As Irma came down after the initial crash we found Ed in his wheelchair at the stairwell for the 27th floor. By now the mass evacuation of the North Tower was in full force. With the elevators evidently being out of service, the stairs were the only way out.
With Ed’s size (he weighed 280 pounds due to kidney problems) and his heavy motorized chair, it would take four or five big men to carry him down.
Irma saw another co-worker standing by Ed Beyea’s chair. His name was Abe Zelmanowitz, another Blue Cross employee. He worked one cubicle over from Ed and they shared a very close friendship. These two men had worked together for twelve years. In spite of great differences: physical, cultural, religious, and age-wise they shared a special friendship that extended beyond work hours.
Ed Beyea was Catholic and Abe Zelmanowitz was an Orthodox Jew. Beyea was thirteen years younger and twice the size of the thin Zelmanowitz. While the wheelchair- bound Beyea talked and laughed loudly, his friend Abe was soft-spoken and unassuming. As is so often the case in life, their friendship extended across these differences and the bond of their relationship was strong. This connection they shared was to be tested and sealed in the coming hour.

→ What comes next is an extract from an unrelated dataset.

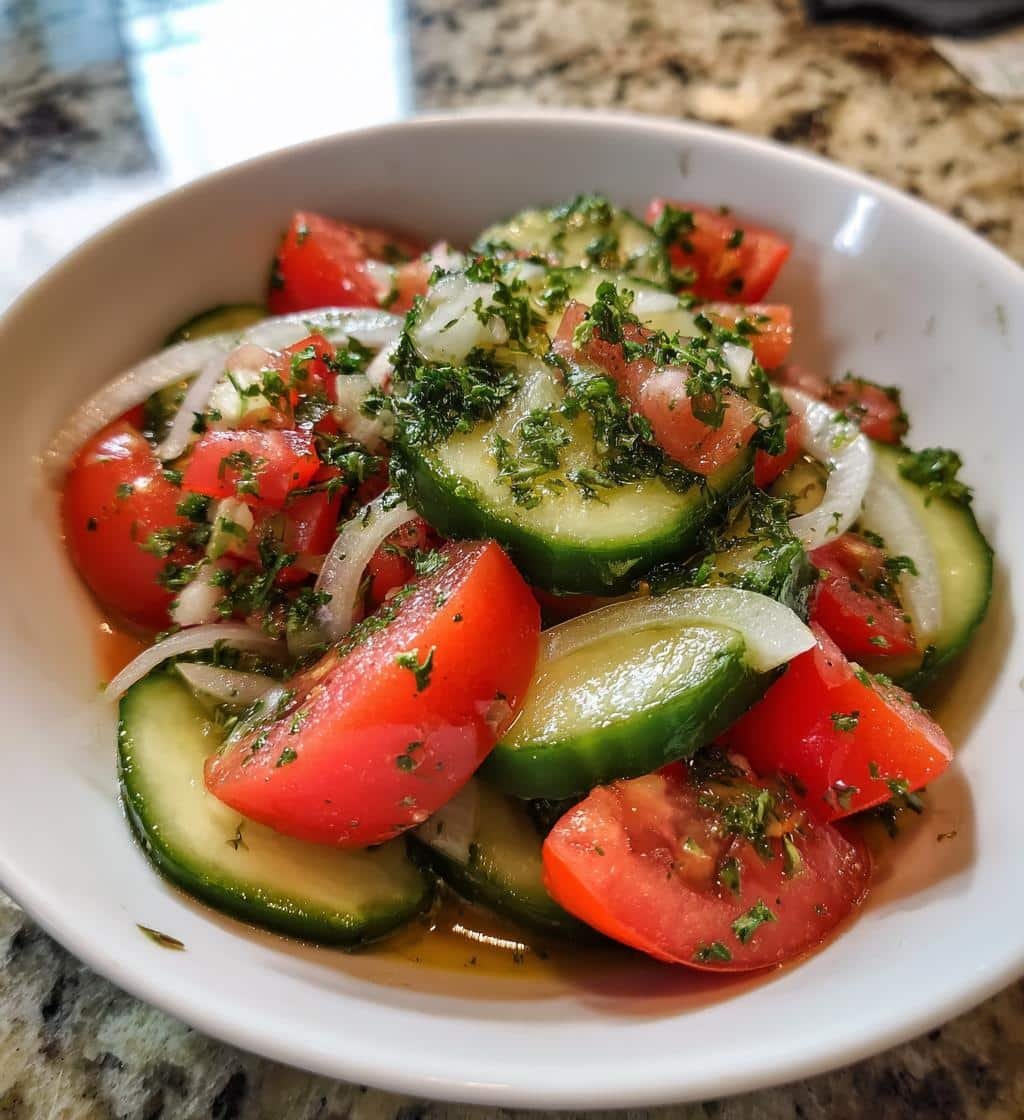 Quick Marinated Cucumbers, Onions, and Tomatoes salad - detail 1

Irma Fuller came upon these two men as she walked onto the stairwell landing at 27 C. Everyone was moving in the stairwell- all those above getting out and a now steady stream of rescue workers coming up, headed for the impact zone far above. By now everyone had began to sense how serious the situation was.
This included Ed, Abe and Irma. Abe Zelmanowitz told Irma to go, “l will stay with Ed.” Beyea also insisted that she leave. They both told her to find someone downstairs to come up and help.
As Irma Fuller rejoined the long procession of workers snaking their way down, Zelmanowitz hollered, “Irma, we are on 27C.”
In the coming hour hundreds, if not thousands, passed by the landing at 27C on their way down to safety. Many told of passing the wheelchair bound man and his friend standing beside him.
Firefighters passed by on their way up. Everyone assumed that later rescuers would come up to bring Ed Beyea down to safety.
One firefighter stopping to catch his breath stood by Abe Zelmanowitz. “Why don’t you go?” he asked the office worker.
“No, I’m staying with my friend” was his quiet but sure reply
As you’ve probably figured out, both Ed Beyea and Abe Zelmanowitz died when the North Tower collapsed at 10:28 am.
No one carried Ed Beyea down to safety. He could have probably begged rescuers to stop their upward climb to bring him down didn’the evidently didn’t.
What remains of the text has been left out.